Cela n’a pas empêché Christine Goerke d’esquisser quelques éléments de « jeu » avec son partenaire Stuart Skelton, un peu plus distant. Non dirigée, esquissant des gestes à son initiative (caresses, bisous etc…), c’était plutôt un peu ridicule et cette Isolde semblait plus minauder que jouer, avec des attitudes qui rappelaient ce qu’on imagine être une Isolde des années Vingt. Pour ma part, l’effet a été plus délétère, et a eu tendance à anéantir toute velléité d’émotion.
Mieux vaut en version de concert faire confiance exclusivement à la musique qu’à vouloir créer des gestes qui sont censés augmenter le potentiel d’émotion et qui tombent à plat ou pire, aboutissent à l'effet inverse.
La machine parfaitement huilée du Royal Concertgebouw Orchestra, au son compact, somptueux, sans scorie aucune, remettait à sa place la hiérarchie des choses. Malgré la crise qu’il a traversée après le licenciement de Daniele Gatti, stupidement provoquée par son manager (qui laisse sa charge en fin d'année), il garde ce son soyeux qu'on aime, ces cordes (ah, les contrebasses…) impeccables, ces bois d’une fabuleuse précision (le hautbois…une tradition) et des cuivres merveilleux, sans aucune bavure. Quel cadeau !
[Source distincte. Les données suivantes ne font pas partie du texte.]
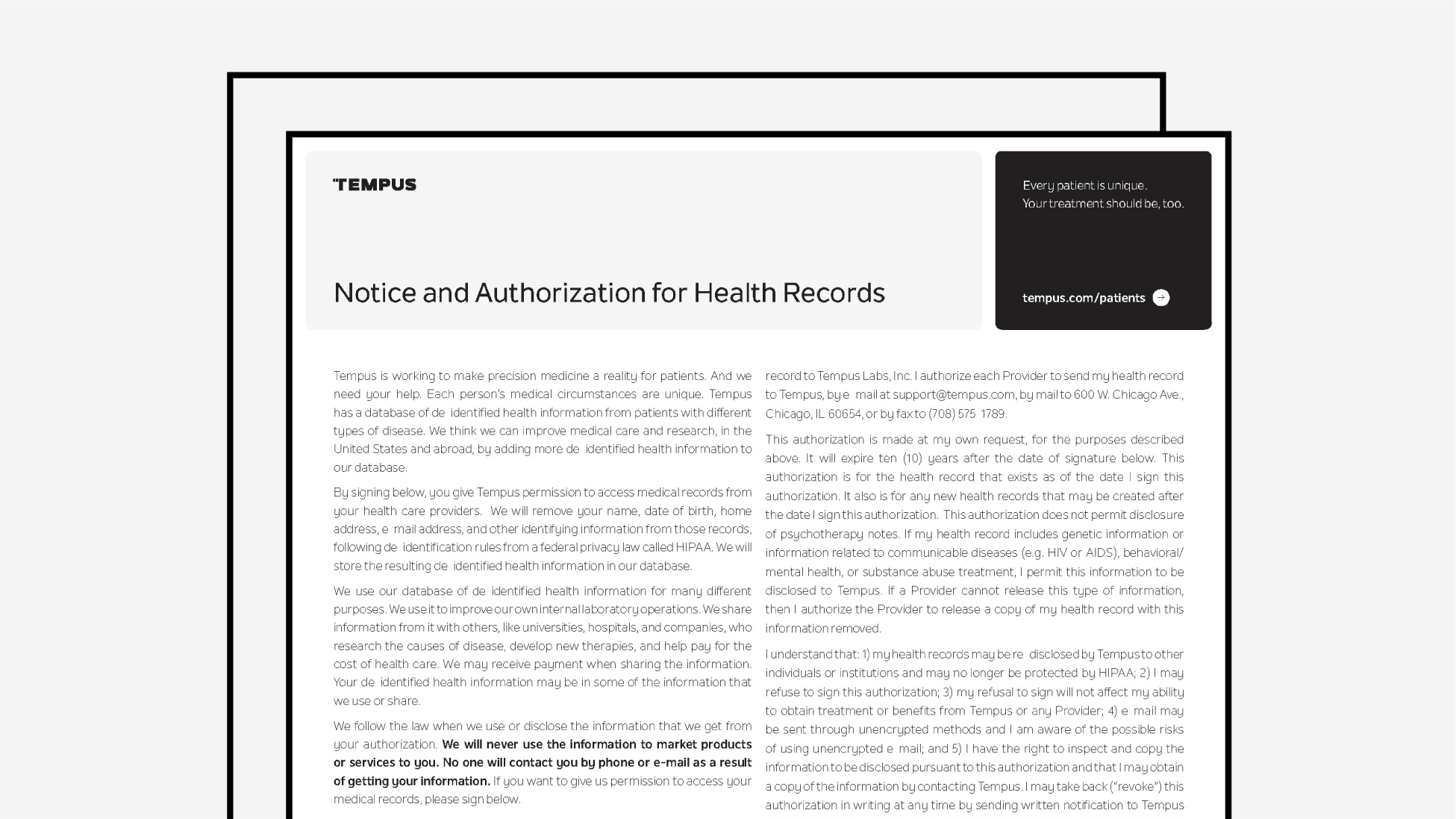 Notice And Authorization for Health Records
On regrette d’autant plus que Daniel Harding, un chef que nous suivons avec affection depuis ses débuts, n’ait pas plus approfondi le rendu, n’ait pas profité de la qualité de l’orchestre pour proposer une véritable lecture… Son approche qui ne manque ni de passion, ni d’élégance ni de précision technique (il a pratiqué Tristan depuis longtemps) est marquée par une grande énergie, mais reste un peu superficielle, le tempo est très rapide et la clarté, la lisibilité, la limpidité en pâtissent sans l’exigence nécessaire de la concentration, dans une œuvre où elle est indispensable. Un seul exemple : l’accompagnement de « O sink hernieder Nacht der Liebe » à l’orchestre n’a pas la profondeur mystérieuse qu’on aimerait ressentir avec une telle phalange.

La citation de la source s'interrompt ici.